PROFESSOR: Well, thank you very much. Oh, we have a question.
AUDIENCE: Just out of curiosity, I always wonder, if you have a rule saying a product has to be within the range of 60 to 90 degrees in the distribution network, what happens if it's 59 or 81? do you really care?
GUEST SPEAKER: What kind of product?
AUDIENCE: I don't know, just any perishable product. You have this rule. If I encode it in my system--
GUEST SPEAKER: If it's in the pharma, by some regulation, if it goes out of the range, it's out. You can not use it at all. The reason why it's going like that is because-- we cannot prove it-- but if you have a time and temperature relationship, we may be more able to release some of the product that has been out of range because we can prove that it didn't affect the temperature of the product very much at that time.

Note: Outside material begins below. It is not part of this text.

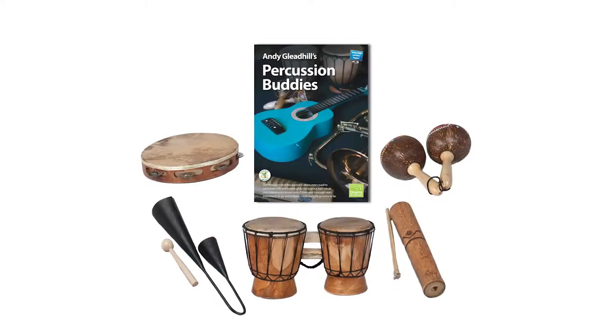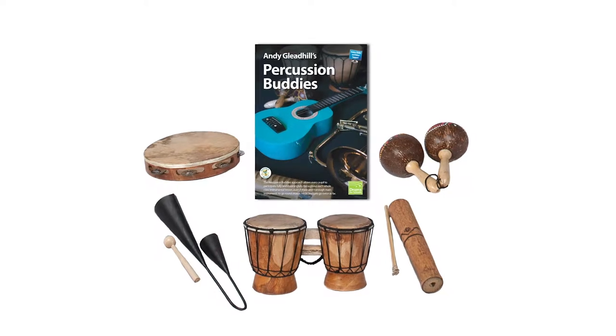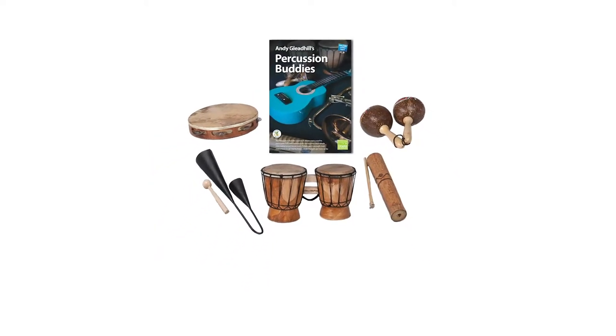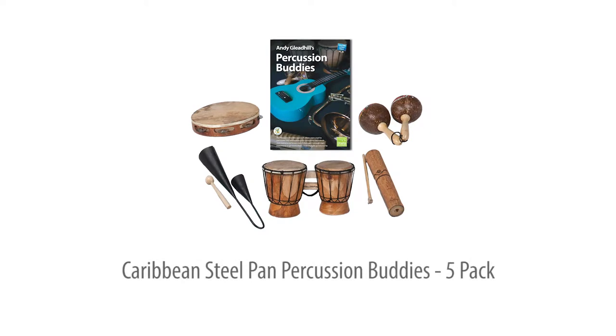This Caribbean Steel Pan Percussion Buddies add-on pack lets you add five more players to your Steel Pan group or class at very low cost. It includes five selected percussion instruments, a teaching guide, and online support for all age groups. Let's take a closer look.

In terms of food, you have some thresholds sometimes. Some products like fruit and vegetables, if you reach a certain threshold, it's gone. So I'm talking about freezing products. Some products are like minus 1, minus 1.5. If you go down over that, it's over. So sometimes, some of the ranges are pretty precise that you have to be there.
AUDIENCE: Yeah, just I'm the systems person. I'm wondering if it would be beneficial if I put in my system, say, it's perishable, but if confidence is 90%, does that help at all?
GUEST SPEAKER: Oh, yeah.
AUDIENCE: OK. Yeah, sometimes those magic numbers are hard to explain. It's 90, the absolute magic number?

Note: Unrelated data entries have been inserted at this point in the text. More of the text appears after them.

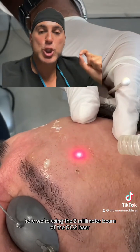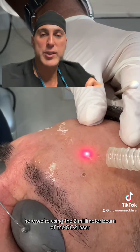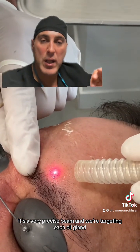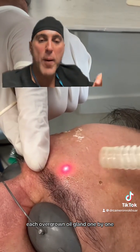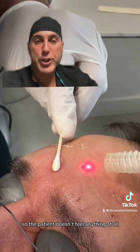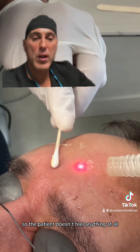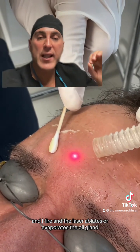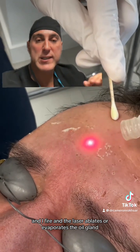Here we're using the two millimeter beam of the CO2 laser. It's a very precise beam and we're targeting each overgrown oil gland one by one. We've numbed the patient with a numbing cream so the patient doesn't feel anything at all, and I point the laser and fire — the laser ablates or evaporates the oil gland.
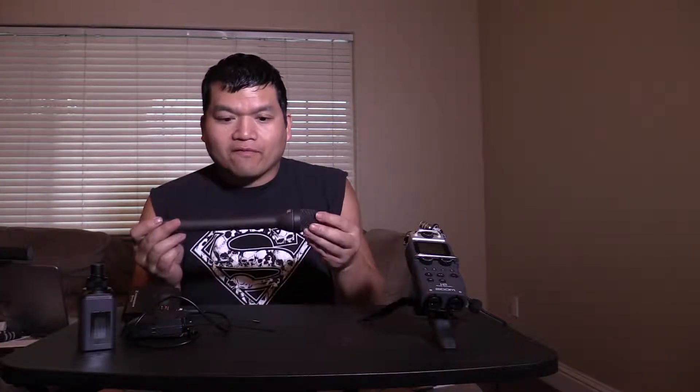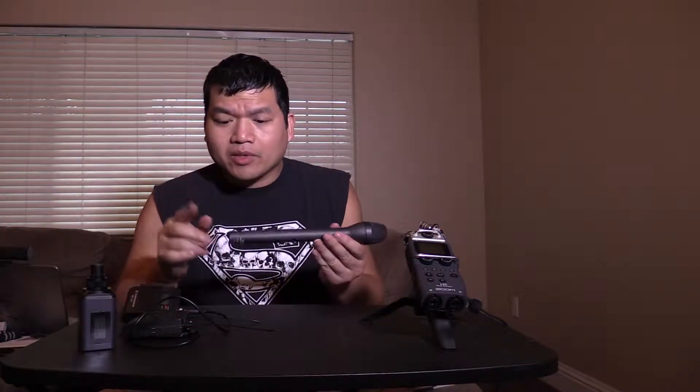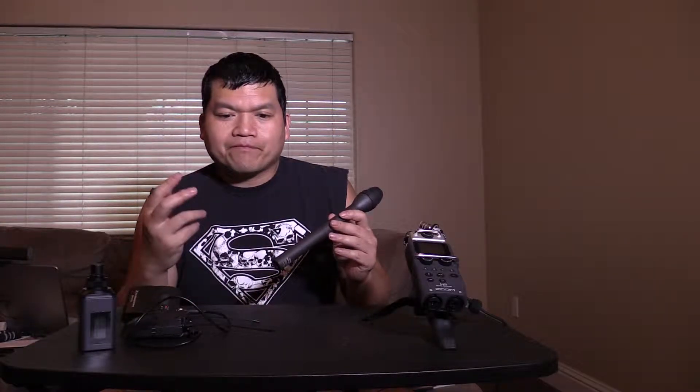I wanted to show you from my other YouTube videos the Rode microphone, which I really like the form factor. It's long, it's great, it's omnidirectional. When I hook this up straight into my camera using XLR, it works great. But when I hook it up to my Zoom, it's not that great. You have to turn up the gain all the way to 10, and then you hear the ambient noise — the feedback. So it's not that great.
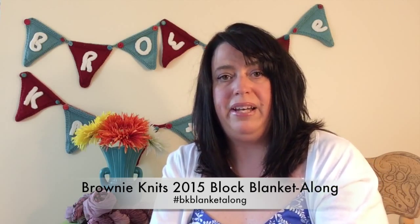Welcome to all returning viewers and to all new viewers — thanks for watching. If you watched episode 14, you know I teased a lot of information coming in episode 15, so here we are. This is also the episode where I talk about block five, our May block for the Brownie Knits 2015 block blanket along — hashtag BK blanket along on Instagram and Ravelry. It's a year-long blanket along, one block a month, and it's never too late to join in.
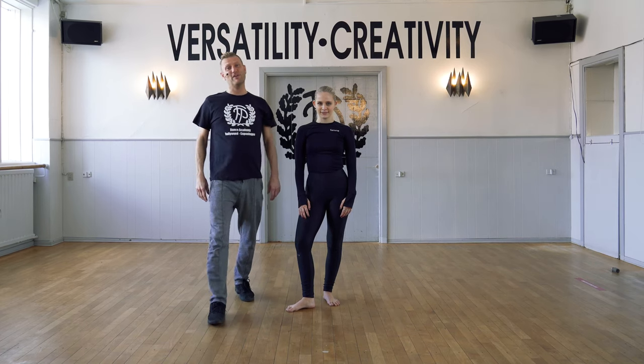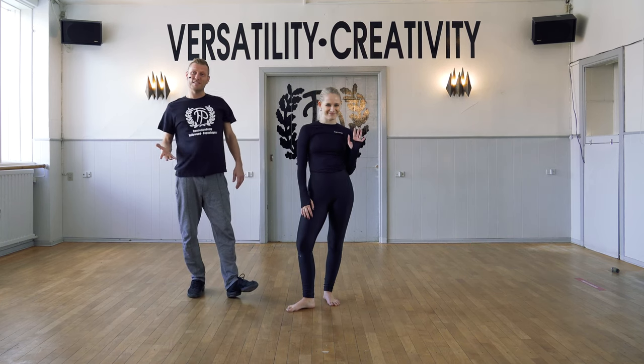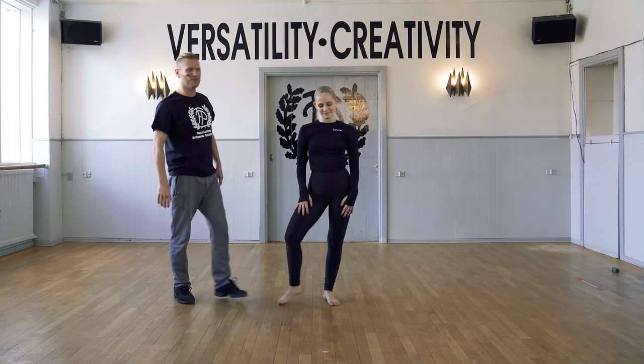Hi guys, welcome to FP Dance Online. I'm Michael and this is my colleague Amalia. For this exercise here today, we're going to start with upper body isolations. Just follow Amalia as she goes.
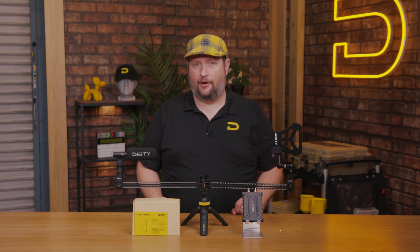Hey guys, Andrew from Deity Microphones here to bring you a brand new product launch from Deity. It's going to be the SRD Mini right here. It is an RF Distro 2 main in, 4 out A and B for a 2 to 8 split.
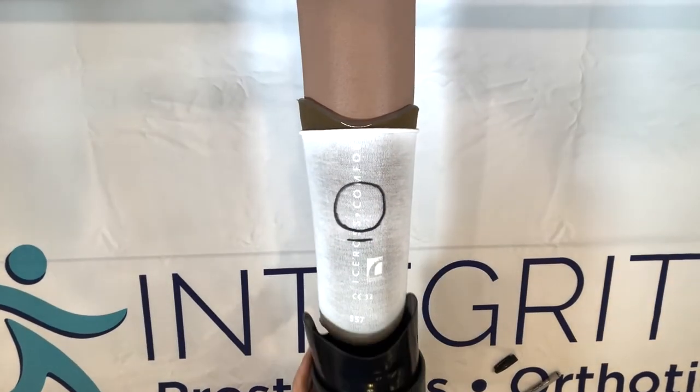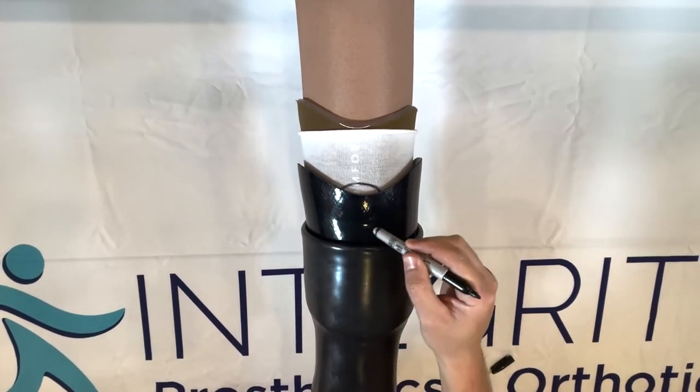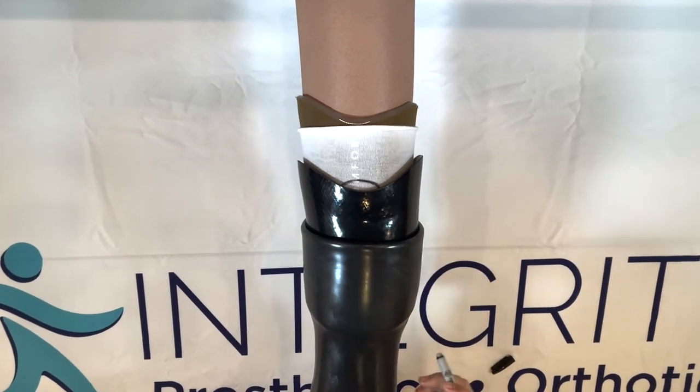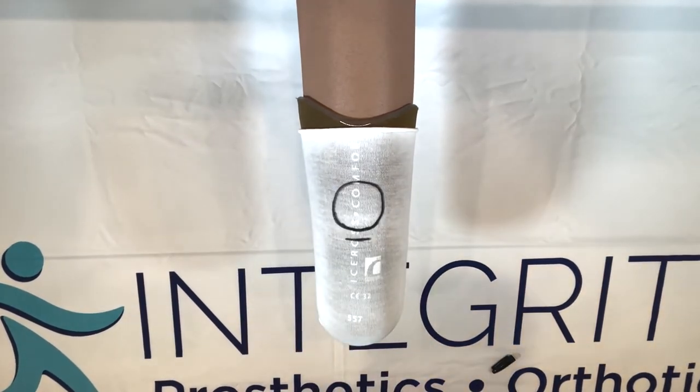To show what happens without enough socks, the kneecap is way down here, so you're going to have some impression down there on the kneecap which is probably uncomfortable. You'll notice that there's a lot of play in the socket — it's loose. So what we'll do is add some socks.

GUEST SPEAKER: And the worst thing is that we are working with biological products. And all of them have an attitude. So they all behave differently. So of course, we learn enough after a while doing research that the precision is something that you have to take slightly sometimes, because the variation is pretty wide. But we know some guidelines, at least, that you have to be in this time.
MICHAEL NICOMETO: In addition to that, we've got some conditions that we don't know about the product at the point that we start to measure temperature. For example, what are the harvest conditions? Was it rainy for one week beforehand? Was it dry? All of that affects the beginning life of the product.

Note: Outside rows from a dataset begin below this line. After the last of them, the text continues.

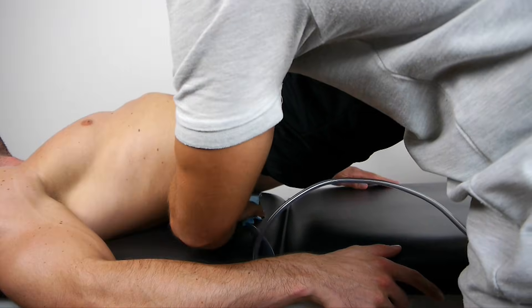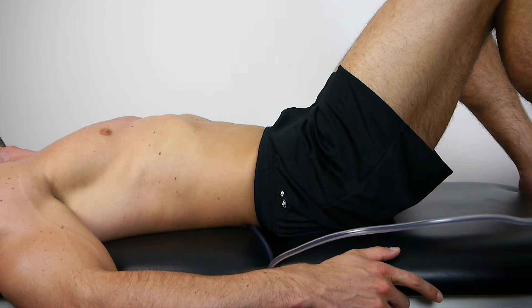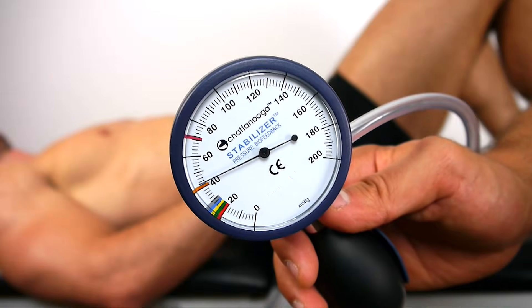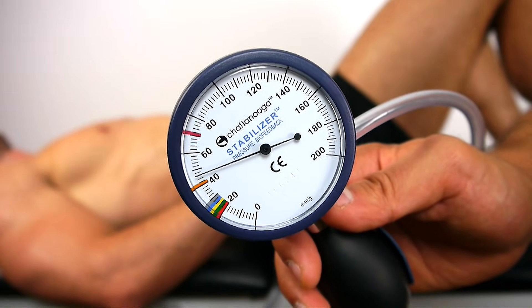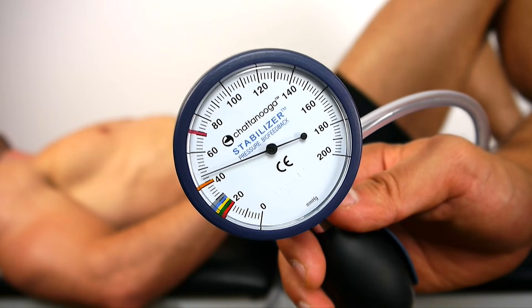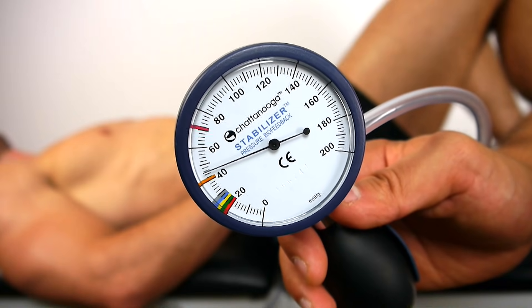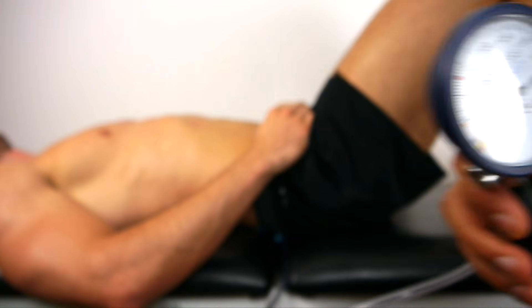In the third step, place the pressure biofeedback unit under the lumbar spine at the height of L3 and inflate the cuff to 40 millimeters of mercury. The patient is then instructed to perform the abdominal drawing maneuver and increase the pressure in steps of 2 to 4 millimeters of mercury — so from 40 to 42 or 44 and so on.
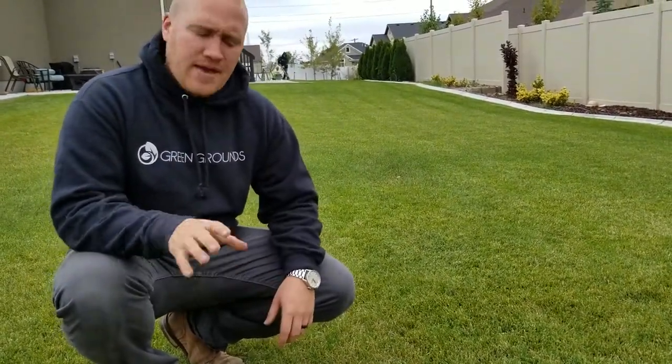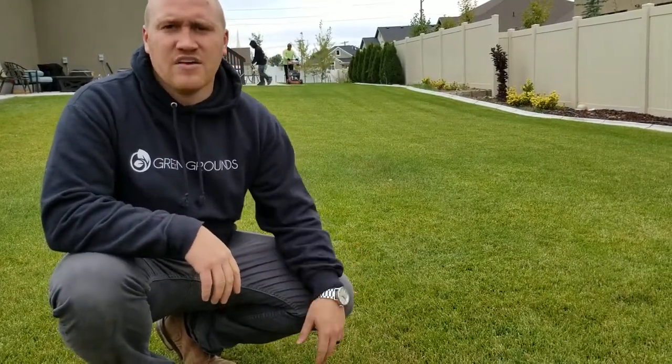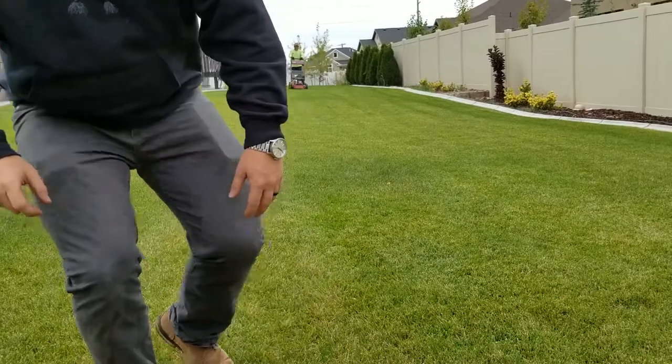So throughout the summer, we typically stay right around three inches. End of the year, we go down to two and a half inches — drop it down about a half inch. And even if you want to, depending on the lawn, sometimes you can get away with two inches for the last cut of the year. The reason being is we want to make sure that it's nice and short before that snow comes. That prevents a lot of insect issues and also mold issues.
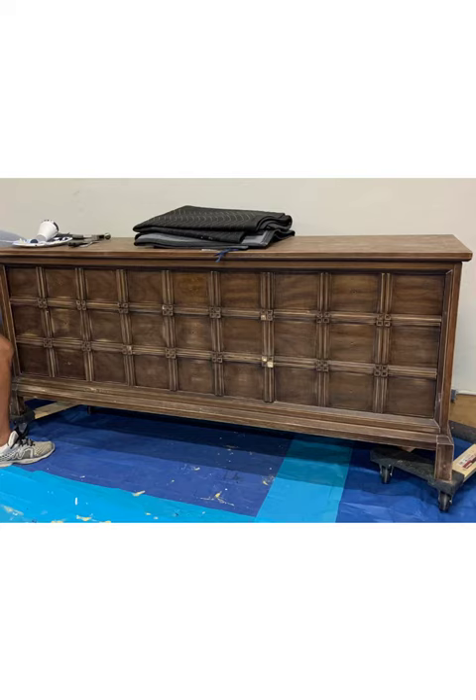This is the dresser we started with. It's actually a triple dresser that has nine drawers — three rows of three — but it looks more like an apothecary table with multiple small drawers, and that's why I bought it, because I knew it would do well.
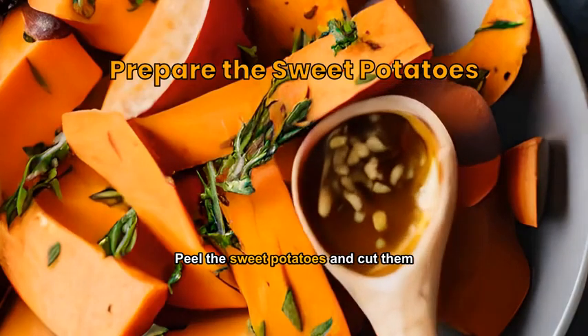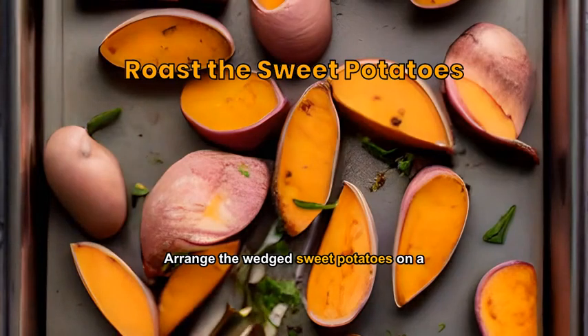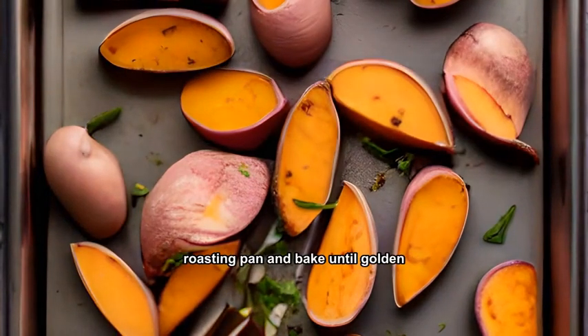Peel the sweet potatoes and cut them into wedges. Toss them in olive oil, salt, and pepper. Arrange the wedge sweet potatoes on a roasting pan and bake until golden and crispy.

And so, what we're measuring when we measure the product is, we're measuring what's the optimal conditions. And this is where I was talking about some of the software that John Pierre's team is working on developing. It's giving you exactly the type of thing of that you're talking about, which says, well, if something's out of limit, we don't just reject it other than in case of controlled substances or pharmaceuticals.
But if something is out of limit for a short period of time, what was the out of limit? You know, so it's a time and temperature factor. How far out of temperature, and how long was it out of temperature, that really makes that a predictable situation. And again, if it's food products, we still have some other uncontrollable things that are there.
AUDIENCE: Thank you.
PROFESSOR: Well, thank you very much to the panel.